PROMPT
Beginning at the top of the material, repeat each line exactly, and stop once the line with "2 Jug Filter Coffee Machine" has been written.

DATA SHOWN below:

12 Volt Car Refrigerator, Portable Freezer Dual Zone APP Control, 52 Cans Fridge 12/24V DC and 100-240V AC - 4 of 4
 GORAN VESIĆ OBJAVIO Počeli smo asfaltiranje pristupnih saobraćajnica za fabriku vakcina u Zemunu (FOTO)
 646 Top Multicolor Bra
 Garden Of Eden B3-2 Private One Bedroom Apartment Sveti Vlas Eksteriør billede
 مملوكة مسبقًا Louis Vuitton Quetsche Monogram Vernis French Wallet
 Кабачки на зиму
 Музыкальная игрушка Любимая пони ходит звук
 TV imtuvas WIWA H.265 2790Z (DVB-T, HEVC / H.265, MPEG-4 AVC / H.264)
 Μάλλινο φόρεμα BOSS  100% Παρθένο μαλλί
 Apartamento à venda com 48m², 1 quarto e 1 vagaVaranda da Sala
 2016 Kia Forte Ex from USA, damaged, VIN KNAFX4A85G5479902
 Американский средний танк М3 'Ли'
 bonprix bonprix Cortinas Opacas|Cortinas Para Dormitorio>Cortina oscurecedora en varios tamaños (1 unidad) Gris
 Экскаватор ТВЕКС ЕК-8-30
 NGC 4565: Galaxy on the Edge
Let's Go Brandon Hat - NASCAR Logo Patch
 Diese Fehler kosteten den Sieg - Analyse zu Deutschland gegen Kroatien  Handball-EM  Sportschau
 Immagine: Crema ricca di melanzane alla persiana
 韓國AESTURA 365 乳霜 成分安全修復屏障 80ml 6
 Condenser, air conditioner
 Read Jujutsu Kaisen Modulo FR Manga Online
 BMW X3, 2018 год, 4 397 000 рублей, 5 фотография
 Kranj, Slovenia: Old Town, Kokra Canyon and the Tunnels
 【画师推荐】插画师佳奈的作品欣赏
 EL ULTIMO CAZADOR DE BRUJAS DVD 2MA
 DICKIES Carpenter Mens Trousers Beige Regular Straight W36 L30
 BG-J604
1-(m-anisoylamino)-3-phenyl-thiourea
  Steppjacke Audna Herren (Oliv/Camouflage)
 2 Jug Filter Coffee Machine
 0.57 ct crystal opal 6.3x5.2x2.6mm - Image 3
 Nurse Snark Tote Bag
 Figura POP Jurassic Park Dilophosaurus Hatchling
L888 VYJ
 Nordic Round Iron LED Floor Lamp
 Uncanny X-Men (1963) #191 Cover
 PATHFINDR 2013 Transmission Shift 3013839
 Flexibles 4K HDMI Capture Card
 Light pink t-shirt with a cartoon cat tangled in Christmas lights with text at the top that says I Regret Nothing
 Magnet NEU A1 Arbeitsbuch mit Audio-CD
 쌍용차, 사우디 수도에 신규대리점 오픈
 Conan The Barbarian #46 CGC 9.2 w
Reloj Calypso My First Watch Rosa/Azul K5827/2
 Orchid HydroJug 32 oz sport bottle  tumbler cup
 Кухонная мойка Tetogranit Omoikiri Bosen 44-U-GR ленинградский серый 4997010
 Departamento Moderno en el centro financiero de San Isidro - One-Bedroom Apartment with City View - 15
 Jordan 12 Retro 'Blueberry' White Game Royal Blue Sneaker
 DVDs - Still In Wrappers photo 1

End of DATA SHOWN.

SOLUTION TO THIS EXERCISE
12 Volt Car Refrigerator, Portable Freezer Dual Zone APP Control, 52 Cans Fridge 12/24V DC and 100-240V AC - 4 of 4
 GORAN VESIĆ OBJAVIO Počeli smo asfaltiranje pristupnih saobraćajnica za fabriku vakcina u Zemunu (FOTO)
 646 Top Multicolor Bra
 Garden Of Eden B3-2 Private One Bedroom Apartment Sveti Vlas Eksteriør billede
 مملوكة مسبقًا Louis Vuitton Quetsche Monogram Vernis French Wallet
 Кабачки на зиму
 Музыкальная игрушка Любимая пони ходит звук
 TV imtuvas WIWA H.265 2790Z (DVB-T, HEVC / H.265, MPEG-4 AVC / H.264)
 Μάλλινο φόρεμα BOSS  100% Παρθένο μαλλί
 Apartamento à venda com 48m², 1 quarto e 1 vagaVaranda da Sala
 2016 Kia Forte Ex from USA, damaged, VIN KNAFX4A85G5479902
 Американский средний танк М3 'Ли'
 bonprix bonprix Cortinas Opacas|Cortinas Para Dormitorio>Cortina oscurecedora en varios tamaños (1 unidad) Gris
 Экскаватор ТВЕКС ЕК-8-30
 NGC 4565: Galaxy on the Edge
Let's Go Brandon Hat - NASCAR Logo Patch
 Diese Fehler kosteten den Sieg - Analyse zu Deutschland gegen Kroatien  Handball-EM  Sportschau
 Immagine: Crema ricca di melanzane alla persiana
 韓國AESTURA 365 乳霜 成分安全修復屏障 80ml 6
 Condenser, air conditioner
 Read Jujutsu Kaisen Modulo FR Manga Online
 BMW X3, 2018 год, 4 397 000 рублей, 5 фотография
 Kranj, Slovenia: Old Town, Kokra Canyon and the Tunnels
 【画师推荐】插画师佳奈的作品欣赏
 EL ULTIMO CAZADOR DE BRUJAS DVD 2MA
 DICKIES Carpenter Mens Trousers Beige Regular Straight W36 L30
 BG-J604
1-(m-anisoylamino)-3-phenyl-thiourea
  Steppjacke Audna Herren (Oliv/Camouflage)
 2 Jug Filter Coffee Machine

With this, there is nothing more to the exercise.